Heute in den Feuilletons

Heute in den Feuilletons

Die kommentierte Kulturpresseschau. Wochentags um 9 Uhr, sonnabends um 10 Uhr.
20.04.2004. In der taz plädiert Rafael Seligmann für die Freigabe von Hitlers "Mein Kampf". In der FR erhofft sich Natan Sznaider durch die Sharon-Bush-Initiative ein Ende der israelischen Besatzungspolitik. Die FAZ fragt sich, wie der Supreme Court in Sachen Guantanamo Bay entscheiden wird. Die NZZ besucht die Ramakrishna-Mission hoch oben im Norden von Kalkutta, am westlichen Ufer des Ganges.

TAZ, 20.04.2004

"Gebt den Kampf frei!", fordert der Autor Rafael Seligmann in der tazzwei - und meint damit die seiner Meinung nach überfällige Nachdruckerlaubnis für Hitlers "Mein Kampf". "Mag sein, dass viele einst 'Mein Kampf' nicht lasen, um sich ihre Illusionen über Hitler zu bewahren. Diesen Fehler sollten wir nicht wiederholen. Die bayerische Staatsregierung, die die Rechte an Hitlers Buch besitzt, sollte diese nutzen, um mündigen Bürgern, Schülern und Studenten die Möglichkeit zu geben, sich selbst ein Urteil über den Nazismus zu bilden. Vertrauen wir unserer Bevölkerung mehr als Hitlers Buch. Ein tröstlicher Gedanke an Hitlers 115. Geburtstag."

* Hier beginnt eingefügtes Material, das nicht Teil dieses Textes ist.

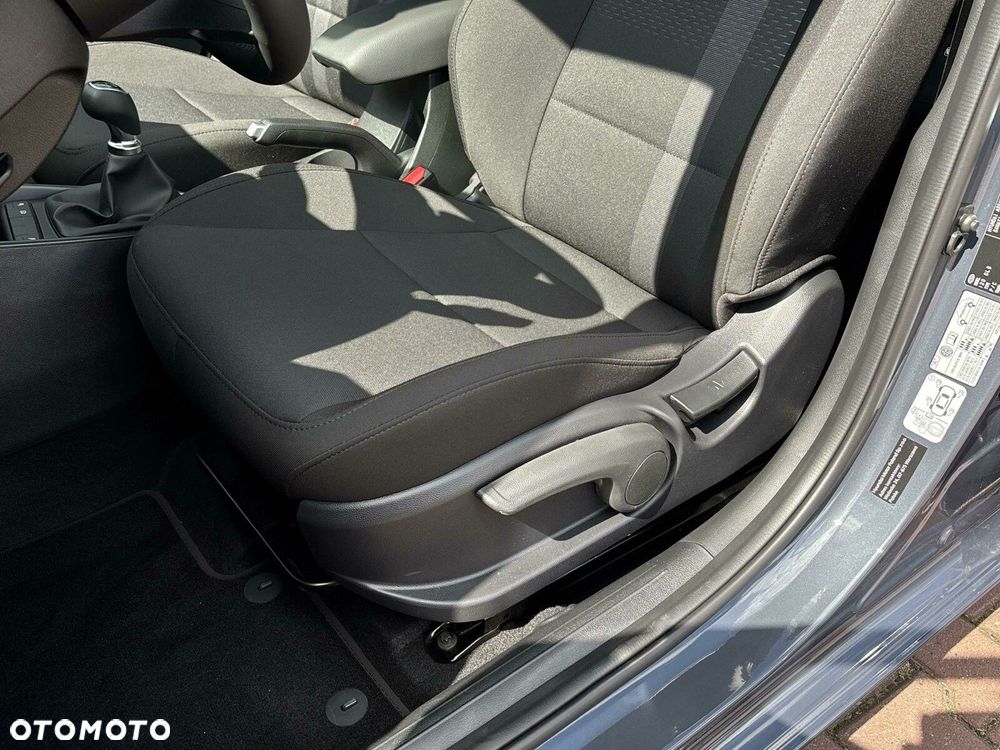 Hyundai i20 1.2 Modern - 12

"Keine leichten Tage" bescheinigt Robert Misik Amerikas Neokonservativen, die den Irakkrieg "als Startschuss zu Demokratisierung, Liberalisierung und Modernisierung im Nahen Osten" gesehen haben. "Dass sie ihre strategische Orientierung mit schneidiger Überheblichkeit und provozierender Selbstgewissheit vorgetragen hatten, führt jetzt dazu, dass ihnen ein gewisser Spott nicht erspart bleibt." Ihr Fazit bleibe simpel: "Wir sind nicht schuld an der Malaise im Irak. Schuld sind die anderen, ein paar Bad Guys - mal Saddam, mal der angebliche Al-Qaida-Statthalter Abu Musab al-Sarkawi, jetzt vor allem Muktada al-Sadr. Ziemlich schuld sind natürlich die Schwächlinge im Westen, die sich zieren, den Bad Guys mit der Eisenfaust zu begegnen. Die Guten sind gut, die Bösen sind böse."

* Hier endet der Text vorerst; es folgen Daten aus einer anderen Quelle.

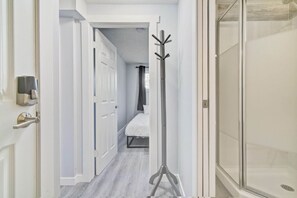 4 chambres, bureau, fer et planche à repasser, Wi-Fi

Der ungarische Schriftsteller Istvan Eörsi erklärt auf der Meinungsseite den ungarischen Antisemitismus als "weniger rassistisch, sondern historisch und psychologisch angelegt": "Ungarn - wie die anderen mittel- und osteuropäischen Länder auch - machte aus geopolitischen Gründen eine verspätete und verzerrte bürgerliche Entwicklung durch, in der der Citoyen kaum eine Rolle spielen konnte und sich das Bürgertum anfangs meist aus deutschen und jüdischen Elementen konstituierte. Dieses Bürgertum und seine städtische Kultur galt von Anfang an als unungarisch."

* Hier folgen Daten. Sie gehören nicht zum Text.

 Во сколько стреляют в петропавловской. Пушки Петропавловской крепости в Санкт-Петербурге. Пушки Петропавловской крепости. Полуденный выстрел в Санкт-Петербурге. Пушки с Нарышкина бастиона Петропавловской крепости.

Besprochen werden heute nur Bücher, darunter John Banvilles Roman "Caliban", eine Einführung in die Kulturphilosophie, ein "lobhudelndes" Buch über Arnold Schwarzenegger, Guy Peellaerts und Nick Cohns "Bilderbuch aus der ersten Postmoderne des Rock'n'Roll", "Rock Dreams", und eine Einführung ins Poetische unter dem Titel "Lyrik nervt" von Andreas Thalmayr alias Hans Magnus Enzensberger (mehr dazu in unserer Bücherschau ab 14 Uhr)

Und hier TOM.

NZZ, 20.04.2004

Claudia Kramatschek hat die Ramakrishna-Mission besucht, die "hoch oben im Norden von Kalkutta, am westlichen Ufer des Ganges" liegt, "der hier schon lange Hooghly heißt und den Blick freigibt auf den am anderen Ufer gelegenen, berühmten Kali-Tempel Dakshineswar". Der Orden tritt für eine Lehre ein, die die Gleichheit aller Religionen postuliert. Das er dabei jedoch strikt unpolitisch sein will, schafft auch Probleme. Die "zunehmenden Spannungen zwischen Hindus und Muslimen scheinen ohne wirklichen Widerhall in den friedlichen Hallen dieses spirituellen Refugiums" und auch eine Auseinandersetzung "mit der stark nationalistisch ausgerichteten BJP-dominierten Regierung - die immerhin die Gehälter für die Bildungseinrichtungen der Ramakrishna-Mission zahlt", wird nicht geführt, was inzwischen einige Kritik auslöst, berichtet Kramatschek.

Weitere Artikel: Georges Waser stellt Daniel Libeskinds Graduate Centre für die London Metropolitan University vor: "In Libeskinds Worten nur 'ein bescheidenes Unterrichtsgebäude in einer lieblosen Straße', ist das Graduate Centre - es kostete knapp 3 Millionen Pfund - mit seinem Gewand aus rostfreiem Stahl und asymmetrischen Fenstern in der Holloway Road ein eindrückliches neues Wahrzeichen." Im Innern sorgt Beton für "eine klösterlich schlichte Note". Christine Wolter resümiert die letzte Spielzeit des Piccolo Teatro in Mailand unter Luca Ronconi.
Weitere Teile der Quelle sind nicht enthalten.